Fu Jianqi, Li Haohao, Kang Yanlei, Zhu Hancan, Huang Tiren, Li Zhong
School of Information Engineering, Huzhou University, Huzhou 313000, China.
College of Science, Zhejiang Sci-Tech University, Hangzhou 310018, China.
Genes (Basel). 2025 Feb 26;16(3):284. doi: 10.3390/genes16030284.
RNA research is critical for understanding gene regulation, disease mechanisms, and therapeutic development.

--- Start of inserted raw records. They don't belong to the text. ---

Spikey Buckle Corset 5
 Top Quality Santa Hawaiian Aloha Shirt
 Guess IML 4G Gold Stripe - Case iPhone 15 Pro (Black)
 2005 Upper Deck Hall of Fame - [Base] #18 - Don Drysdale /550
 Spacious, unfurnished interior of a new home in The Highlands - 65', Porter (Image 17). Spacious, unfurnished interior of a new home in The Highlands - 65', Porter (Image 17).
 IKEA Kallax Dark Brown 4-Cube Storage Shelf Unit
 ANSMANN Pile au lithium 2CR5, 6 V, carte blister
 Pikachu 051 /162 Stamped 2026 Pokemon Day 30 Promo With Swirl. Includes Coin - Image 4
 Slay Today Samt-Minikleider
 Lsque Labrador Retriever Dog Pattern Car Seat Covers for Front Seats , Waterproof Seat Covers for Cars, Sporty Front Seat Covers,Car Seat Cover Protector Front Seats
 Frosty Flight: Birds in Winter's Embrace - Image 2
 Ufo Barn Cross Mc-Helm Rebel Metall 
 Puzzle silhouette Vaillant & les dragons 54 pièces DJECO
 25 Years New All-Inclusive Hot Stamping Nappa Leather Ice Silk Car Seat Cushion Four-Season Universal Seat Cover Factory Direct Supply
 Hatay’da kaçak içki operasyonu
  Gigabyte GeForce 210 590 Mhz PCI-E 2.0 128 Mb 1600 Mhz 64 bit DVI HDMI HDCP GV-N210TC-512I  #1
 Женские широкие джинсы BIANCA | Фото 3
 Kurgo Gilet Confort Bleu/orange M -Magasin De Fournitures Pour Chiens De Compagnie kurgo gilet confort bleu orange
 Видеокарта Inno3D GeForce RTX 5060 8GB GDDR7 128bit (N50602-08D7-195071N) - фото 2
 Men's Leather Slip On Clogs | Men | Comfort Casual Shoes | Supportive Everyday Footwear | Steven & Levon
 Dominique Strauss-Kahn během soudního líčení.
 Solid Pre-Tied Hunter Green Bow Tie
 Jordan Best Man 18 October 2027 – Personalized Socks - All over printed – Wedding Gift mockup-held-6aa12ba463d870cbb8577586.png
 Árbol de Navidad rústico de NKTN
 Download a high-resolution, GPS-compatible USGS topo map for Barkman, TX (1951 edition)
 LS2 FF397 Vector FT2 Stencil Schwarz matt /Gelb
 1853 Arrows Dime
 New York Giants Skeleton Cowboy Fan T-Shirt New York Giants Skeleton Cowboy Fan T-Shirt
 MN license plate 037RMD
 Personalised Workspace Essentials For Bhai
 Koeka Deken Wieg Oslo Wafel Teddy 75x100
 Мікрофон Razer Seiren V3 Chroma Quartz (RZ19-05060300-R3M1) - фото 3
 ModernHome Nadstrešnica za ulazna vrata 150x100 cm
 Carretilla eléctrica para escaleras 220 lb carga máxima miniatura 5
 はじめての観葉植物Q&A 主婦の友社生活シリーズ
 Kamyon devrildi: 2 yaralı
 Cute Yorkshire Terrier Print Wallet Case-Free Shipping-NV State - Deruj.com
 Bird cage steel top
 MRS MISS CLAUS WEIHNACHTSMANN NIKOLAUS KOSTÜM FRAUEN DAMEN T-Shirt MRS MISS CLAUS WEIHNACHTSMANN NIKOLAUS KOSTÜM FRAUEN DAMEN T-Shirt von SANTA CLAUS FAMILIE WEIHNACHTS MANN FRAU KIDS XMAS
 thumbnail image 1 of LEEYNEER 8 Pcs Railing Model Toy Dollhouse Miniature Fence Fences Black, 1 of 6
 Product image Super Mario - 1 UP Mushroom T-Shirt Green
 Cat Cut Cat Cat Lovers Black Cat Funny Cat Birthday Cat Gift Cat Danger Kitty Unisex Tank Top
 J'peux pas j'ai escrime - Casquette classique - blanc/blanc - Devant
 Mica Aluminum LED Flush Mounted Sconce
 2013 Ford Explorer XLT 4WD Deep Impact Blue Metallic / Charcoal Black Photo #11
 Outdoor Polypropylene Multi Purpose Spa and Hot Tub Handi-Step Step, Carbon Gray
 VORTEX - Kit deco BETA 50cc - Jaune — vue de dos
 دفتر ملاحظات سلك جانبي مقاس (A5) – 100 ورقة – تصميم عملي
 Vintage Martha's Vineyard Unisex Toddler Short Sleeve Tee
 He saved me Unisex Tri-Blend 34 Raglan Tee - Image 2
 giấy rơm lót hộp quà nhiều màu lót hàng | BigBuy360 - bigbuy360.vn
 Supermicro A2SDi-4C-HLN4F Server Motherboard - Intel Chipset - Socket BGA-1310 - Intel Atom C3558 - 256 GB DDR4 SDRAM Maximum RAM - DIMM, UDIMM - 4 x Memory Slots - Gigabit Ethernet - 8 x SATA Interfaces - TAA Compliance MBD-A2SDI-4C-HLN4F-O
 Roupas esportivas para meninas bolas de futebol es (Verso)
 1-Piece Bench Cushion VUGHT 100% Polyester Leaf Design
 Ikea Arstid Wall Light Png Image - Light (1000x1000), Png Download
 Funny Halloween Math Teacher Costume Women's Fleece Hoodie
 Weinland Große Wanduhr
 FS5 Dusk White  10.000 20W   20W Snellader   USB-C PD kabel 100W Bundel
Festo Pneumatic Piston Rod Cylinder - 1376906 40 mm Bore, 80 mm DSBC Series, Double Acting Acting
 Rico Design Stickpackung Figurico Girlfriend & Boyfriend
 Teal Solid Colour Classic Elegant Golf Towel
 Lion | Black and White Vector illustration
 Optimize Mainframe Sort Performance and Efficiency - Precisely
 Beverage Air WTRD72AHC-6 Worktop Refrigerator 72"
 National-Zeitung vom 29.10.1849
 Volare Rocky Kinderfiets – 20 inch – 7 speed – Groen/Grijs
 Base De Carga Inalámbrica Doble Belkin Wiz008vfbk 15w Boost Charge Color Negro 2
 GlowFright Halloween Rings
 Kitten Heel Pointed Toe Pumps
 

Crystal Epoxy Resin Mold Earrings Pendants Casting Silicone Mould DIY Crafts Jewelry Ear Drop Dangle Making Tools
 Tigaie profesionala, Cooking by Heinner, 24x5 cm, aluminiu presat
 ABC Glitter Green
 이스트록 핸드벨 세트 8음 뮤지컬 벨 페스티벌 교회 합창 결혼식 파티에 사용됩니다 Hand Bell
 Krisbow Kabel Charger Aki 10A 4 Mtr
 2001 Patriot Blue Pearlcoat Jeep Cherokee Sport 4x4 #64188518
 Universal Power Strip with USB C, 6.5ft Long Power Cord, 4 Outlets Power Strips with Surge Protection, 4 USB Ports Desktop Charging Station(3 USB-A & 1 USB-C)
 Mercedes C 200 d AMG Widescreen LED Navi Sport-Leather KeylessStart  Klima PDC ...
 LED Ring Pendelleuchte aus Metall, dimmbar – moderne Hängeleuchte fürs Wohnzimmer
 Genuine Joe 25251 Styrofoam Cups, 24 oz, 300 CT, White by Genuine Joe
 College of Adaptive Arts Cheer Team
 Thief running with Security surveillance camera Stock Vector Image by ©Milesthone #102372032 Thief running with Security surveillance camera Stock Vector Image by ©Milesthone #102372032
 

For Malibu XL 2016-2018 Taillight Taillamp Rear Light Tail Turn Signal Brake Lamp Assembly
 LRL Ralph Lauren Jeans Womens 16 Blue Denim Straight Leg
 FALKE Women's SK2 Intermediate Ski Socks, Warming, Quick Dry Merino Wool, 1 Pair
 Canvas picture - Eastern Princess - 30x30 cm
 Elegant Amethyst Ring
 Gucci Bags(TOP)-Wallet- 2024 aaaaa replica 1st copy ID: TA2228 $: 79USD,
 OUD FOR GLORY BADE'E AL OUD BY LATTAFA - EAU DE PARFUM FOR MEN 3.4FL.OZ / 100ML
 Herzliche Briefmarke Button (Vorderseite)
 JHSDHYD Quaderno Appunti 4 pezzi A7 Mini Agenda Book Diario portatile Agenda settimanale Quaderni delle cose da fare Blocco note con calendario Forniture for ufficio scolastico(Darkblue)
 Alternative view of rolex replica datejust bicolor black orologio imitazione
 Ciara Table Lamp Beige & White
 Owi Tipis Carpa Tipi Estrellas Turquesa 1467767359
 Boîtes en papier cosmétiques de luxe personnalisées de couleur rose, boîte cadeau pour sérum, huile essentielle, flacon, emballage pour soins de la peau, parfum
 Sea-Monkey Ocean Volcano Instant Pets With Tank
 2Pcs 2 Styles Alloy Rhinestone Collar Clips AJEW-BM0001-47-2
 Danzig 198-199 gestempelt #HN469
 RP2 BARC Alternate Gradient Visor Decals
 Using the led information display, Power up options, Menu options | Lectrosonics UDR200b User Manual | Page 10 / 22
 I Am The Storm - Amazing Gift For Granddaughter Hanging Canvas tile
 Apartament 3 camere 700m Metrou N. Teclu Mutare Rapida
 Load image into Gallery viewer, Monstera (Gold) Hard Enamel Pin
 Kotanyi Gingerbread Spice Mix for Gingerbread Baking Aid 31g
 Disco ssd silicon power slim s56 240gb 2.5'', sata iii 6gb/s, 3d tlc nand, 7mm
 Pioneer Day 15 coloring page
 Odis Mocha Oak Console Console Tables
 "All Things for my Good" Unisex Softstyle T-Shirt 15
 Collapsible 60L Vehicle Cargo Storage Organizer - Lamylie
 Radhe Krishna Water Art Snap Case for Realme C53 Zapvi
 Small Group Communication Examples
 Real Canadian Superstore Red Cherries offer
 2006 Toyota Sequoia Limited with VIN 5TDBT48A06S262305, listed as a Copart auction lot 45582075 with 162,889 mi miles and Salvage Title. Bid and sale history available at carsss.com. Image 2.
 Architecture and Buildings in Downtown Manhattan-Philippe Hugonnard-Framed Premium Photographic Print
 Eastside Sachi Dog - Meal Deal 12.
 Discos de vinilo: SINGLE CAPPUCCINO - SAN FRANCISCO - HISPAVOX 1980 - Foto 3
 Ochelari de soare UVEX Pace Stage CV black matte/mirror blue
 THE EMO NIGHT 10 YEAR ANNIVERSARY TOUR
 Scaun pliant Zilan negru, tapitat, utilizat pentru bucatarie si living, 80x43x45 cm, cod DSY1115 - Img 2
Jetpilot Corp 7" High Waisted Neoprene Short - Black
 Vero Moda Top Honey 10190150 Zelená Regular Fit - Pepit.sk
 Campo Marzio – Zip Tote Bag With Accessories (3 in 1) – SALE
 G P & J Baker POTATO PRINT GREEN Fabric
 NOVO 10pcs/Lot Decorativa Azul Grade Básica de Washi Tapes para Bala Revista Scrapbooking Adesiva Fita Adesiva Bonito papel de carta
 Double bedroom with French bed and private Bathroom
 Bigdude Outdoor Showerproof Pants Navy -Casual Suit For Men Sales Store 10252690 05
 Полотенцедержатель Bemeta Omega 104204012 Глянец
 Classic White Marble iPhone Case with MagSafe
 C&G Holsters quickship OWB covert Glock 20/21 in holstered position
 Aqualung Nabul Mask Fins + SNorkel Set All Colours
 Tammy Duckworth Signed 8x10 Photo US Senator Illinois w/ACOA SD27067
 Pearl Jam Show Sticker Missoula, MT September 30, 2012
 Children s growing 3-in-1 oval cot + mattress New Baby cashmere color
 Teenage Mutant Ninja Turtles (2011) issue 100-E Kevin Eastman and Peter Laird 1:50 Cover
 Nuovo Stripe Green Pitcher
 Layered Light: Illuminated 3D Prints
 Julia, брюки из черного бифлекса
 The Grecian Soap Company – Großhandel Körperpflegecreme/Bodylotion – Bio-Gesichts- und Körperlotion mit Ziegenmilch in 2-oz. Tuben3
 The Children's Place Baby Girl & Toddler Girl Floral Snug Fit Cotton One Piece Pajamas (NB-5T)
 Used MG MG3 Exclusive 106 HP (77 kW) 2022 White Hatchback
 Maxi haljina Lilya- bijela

Constructing effective RNA benchmark models for accurate downstream analysis has become a significant research challenge. The objective of this study is to propose a robust benchmark model, DRFormer, for RNA sequence downstream tasks. The DRFormer model utilizes RNA sequences to construct novel vision features based on secondary structure and sequence distance. These features are pre-trained using the SWIN model to develop a SWIN-RNA submodel. This submodel is then integrated with an RNA sequence model to construct a multimodal model for downstream analysis. : We conducted experiments on various RNA downstream tasks. In the sequence classification task, the MCC reached 94.4%, surpassing the state-of-the-art RNAErnie model by 1.2%. In the protein-RNA interaction prediction, DRFormer achieved an MCC of 0.492, outperforming advanced models like BERT-RBP and PrismNet. In RNA secondary structure prediction, the F1 score was 0.690, exceeding the widely used SPOT-RNA model by 1%. Additionally, generalization experiments on DNA tasks yielded satisfactory results. DRFormer is the first RNA sequence downstream analysis model that leverages structural features to construct a vision model and integrates sequence and vision models in a multimodal manner. This approach yields excellent prediction and analysis results, making it a valuable contribution to RNA research.
RNA研究对于理解基因调控、疾病机制和治疗发展至关重要。构建有效的RNA基准模型以进行准确的下游分析已成为一项重大研究挑战。本研究的目的是为RNA序列下游任务提出一个强大的基准模型DRFormer。DRFormer模型利用RNA序列基于二级结构和序列距离构建新颖的视觉特征。这些特征使用SWIN模型进行预训练以开发一个SWIN-RNA子模型。然后将该子模型与RNA序列模型集成以构建用于下游分析的多模态模型。我们在各种RNA下游任务上进行了实验。在序列分类任务中,马修斯相关系数(MCC)达到94.4%,比最先进的RNAErnie模型高出1.2%。在蛋白质-RNA相互作用预测中,DRFormer的MCC为0.492,优于BERT-RBP和PrismNet等先进模型。在RNA二级结构预测中,F1分数为0.690,比广泛使用的SPOT-RNA模型高出1%。此外,在DNA任务上的泛化实验也产生了令人满意的结果。DRFormer是第一个利用结构特征构建视觉模型并以多模态方式整合序列和视觉模型的RNA序列下游分析模型。这种方法产生了出色的预测和分析结果,使其成为RNA研究的一项有价值的贡献。